**Task item:**
Give the data again exactly, from its opening line through the line in which "Snapshot of OlgaHottie" appears.

[Stored items from a collection]
========

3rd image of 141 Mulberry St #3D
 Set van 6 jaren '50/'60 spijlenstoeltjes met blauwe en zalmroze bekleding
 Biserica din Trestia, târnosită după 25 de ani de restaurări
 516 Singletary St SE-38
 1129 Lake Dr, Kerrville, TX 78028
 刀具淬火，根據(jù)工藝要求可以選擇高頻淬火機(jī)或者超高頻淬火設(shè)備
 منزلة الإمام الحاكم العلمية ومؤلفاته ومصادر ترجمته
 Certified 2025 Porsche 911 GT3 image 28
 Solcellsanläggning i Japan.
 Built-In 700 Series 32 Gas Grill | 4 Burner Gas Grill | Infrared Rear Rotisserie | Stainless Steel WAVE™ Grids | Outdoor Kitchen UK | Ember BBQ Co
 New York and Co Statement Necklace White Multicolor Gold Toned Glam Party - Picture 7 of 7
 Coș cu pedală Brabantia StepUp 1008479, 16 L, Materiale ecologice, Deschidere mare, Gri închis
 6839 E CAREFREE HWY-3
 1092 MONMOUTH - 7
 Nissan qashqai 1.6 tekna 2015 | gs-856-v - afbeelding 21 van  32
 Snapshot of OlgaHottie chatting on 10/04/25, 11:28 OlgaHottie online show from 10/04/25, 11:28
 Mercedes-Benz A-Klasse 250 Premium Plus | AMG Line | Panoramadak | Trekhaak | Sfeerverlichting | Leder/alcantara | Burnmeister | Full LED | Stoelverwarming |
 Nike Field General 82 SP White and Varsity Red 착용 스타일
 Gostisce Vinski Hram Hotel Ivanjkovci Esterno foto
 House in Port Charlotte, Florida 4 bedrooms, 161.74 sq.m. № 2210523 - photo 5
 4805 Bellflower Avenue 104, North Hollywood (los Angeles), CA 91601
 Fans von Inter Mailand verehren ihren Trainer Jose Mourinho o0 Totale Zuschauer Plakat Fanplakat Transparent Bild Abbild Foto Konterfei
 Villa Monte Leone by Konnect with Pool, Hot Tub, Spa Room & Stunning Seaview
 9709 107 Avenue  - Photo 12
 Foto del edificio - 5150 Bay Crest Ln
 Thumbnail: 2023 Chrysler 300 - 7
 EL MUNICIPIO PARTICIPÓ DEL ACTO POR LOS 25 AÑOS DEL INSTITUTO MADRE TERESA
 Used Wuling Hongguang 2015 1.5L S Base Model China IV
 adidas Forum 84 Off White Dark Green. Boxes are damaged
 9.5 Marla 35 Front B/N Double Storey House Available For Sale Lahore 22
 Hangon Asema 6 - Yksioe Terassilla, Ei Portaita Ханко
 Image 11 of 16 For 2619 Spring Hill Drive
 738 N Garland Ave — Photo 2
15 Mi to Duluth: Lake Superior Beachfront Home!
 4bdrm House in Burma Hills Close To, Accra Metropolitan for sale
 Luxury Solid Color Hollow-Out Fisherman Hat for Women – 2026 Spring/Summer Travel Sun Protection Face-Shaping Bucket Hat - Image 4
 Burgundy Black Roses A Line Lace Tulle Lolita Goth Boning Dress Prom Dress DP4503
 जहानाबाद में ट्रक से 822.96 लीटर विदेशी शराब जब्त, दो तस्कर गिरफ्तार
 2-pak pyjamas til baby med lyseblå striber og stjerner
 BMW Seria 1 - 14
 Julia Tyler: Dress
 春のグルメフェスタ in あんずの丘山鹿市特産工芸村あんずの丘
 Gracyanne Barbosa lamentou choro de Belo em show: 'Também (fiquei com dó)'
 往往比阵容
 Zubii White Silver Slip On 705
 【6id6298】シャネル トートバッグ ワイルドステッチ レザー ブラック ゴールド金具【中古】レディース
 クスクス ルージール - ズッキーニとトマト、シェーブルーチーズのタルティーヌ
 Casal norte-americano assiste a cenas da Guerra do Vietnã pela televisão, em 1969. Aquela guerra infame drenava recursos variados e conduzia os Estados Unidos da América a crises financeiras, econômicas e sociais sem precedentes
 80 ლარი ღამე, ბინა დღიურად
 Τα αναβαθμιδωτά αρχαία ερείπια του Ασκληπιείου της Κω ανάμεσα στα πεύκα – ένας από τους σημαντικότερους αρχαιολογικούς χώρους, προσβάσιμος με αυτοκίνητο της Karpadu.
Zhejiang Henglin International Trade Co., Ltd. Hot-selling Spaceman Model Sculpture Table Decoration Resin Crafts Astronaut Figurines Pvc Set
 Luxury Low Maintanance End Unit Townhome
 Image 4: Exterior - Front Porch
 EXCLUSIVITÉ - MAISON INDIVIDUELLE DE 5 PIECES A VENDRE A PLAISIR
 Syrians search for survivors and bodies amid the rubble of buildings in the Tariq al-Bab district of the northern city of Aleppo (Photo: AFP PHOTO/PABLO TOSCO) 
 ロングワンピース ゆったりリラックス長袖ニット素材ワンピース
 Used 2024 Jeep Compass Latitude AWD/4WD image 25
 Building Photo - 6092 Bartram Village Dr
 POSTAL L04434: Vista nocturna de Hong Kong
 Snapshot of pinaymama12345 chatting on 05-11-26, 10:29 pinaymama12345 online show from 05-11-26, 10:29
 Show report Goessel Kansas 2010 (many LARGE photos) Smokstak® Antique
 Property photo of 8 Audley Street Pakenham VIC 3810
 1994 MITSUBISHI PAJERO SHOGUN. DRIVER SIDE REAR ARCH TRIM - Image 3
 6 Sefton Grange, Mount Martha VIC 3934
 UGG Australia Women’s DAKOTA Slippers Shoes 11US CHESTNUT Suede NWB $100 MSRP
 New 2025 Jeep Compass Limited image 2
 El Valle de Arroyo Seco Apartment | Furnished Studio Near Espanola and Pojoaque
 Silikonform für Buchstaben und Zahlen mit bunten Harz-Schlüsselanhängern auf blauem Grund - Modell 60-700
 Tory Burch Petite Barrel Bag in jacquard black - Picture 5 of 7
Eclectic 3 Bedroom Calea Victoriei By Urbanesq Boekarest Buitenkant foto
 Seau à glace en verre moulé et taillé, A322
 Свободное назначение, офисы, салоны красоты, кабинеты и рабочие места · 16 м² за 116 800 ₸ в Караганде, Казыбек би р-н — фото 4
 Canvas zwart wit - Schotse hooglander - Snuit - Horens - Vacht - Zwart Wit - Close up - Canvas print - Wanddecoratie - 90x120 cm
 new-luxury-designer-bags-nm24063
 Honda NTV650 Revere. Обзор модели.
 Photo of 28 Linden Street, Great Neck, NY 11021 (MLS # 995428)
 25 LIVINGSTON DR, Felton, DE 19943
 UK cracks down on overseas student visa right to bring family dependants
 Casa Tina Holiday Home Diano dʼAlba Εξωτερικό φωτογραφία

========

**Expected answer:**
3rd image of 141 Mulberry St #3D
 Set van 6 jaren '50/'60 spijlenstoeltjes met blauwe en zalmroze bekleding
 Biserica din Trestia, târnosită după 25 de ani de restaurări
 516 Singletary St SE-38
 1129 Lake Dr, Kerrville, TX 78028
 刀具淬火，根據(jù)工藝要求可以選擇高頻淬火機(jī)或者超高頻淬火設(shè)備
 منزلة الإمام الحاكم العلمية ومؤلفاته ومصادر ترجمته
 Certified 2025 Porsche 911 GT3 image 28
 Solcellsanläggning i Japan.
 Built-In 700 Series 32 Gas Grill | 4 Burner Gas Grill | Infrared Rear Rotisserie | Stainless Steel WAVE™ Grids | Outdoor Kitchen UK | Ember BBQ Co
 New York and Co Statement Necklace White Multicolor Gold Toned Glam Party - Picture 7 of 7
 Coș cu pedală Brabantia StepUp 1008479, 16 L, Materiale ecologice, Deschidere mare, Gri închis
 6839 E CAREFREE HWY-3
 1092 MONMOUTH - 7
 Nissan qashqai 1.6 tekna 2015 | gs-856-v - afbeelding 21 van  32
 Snapshot of OlgaHottie chatting on 10/04/25, 11:28 OlgaHottie online show from 10/04/25, 11:28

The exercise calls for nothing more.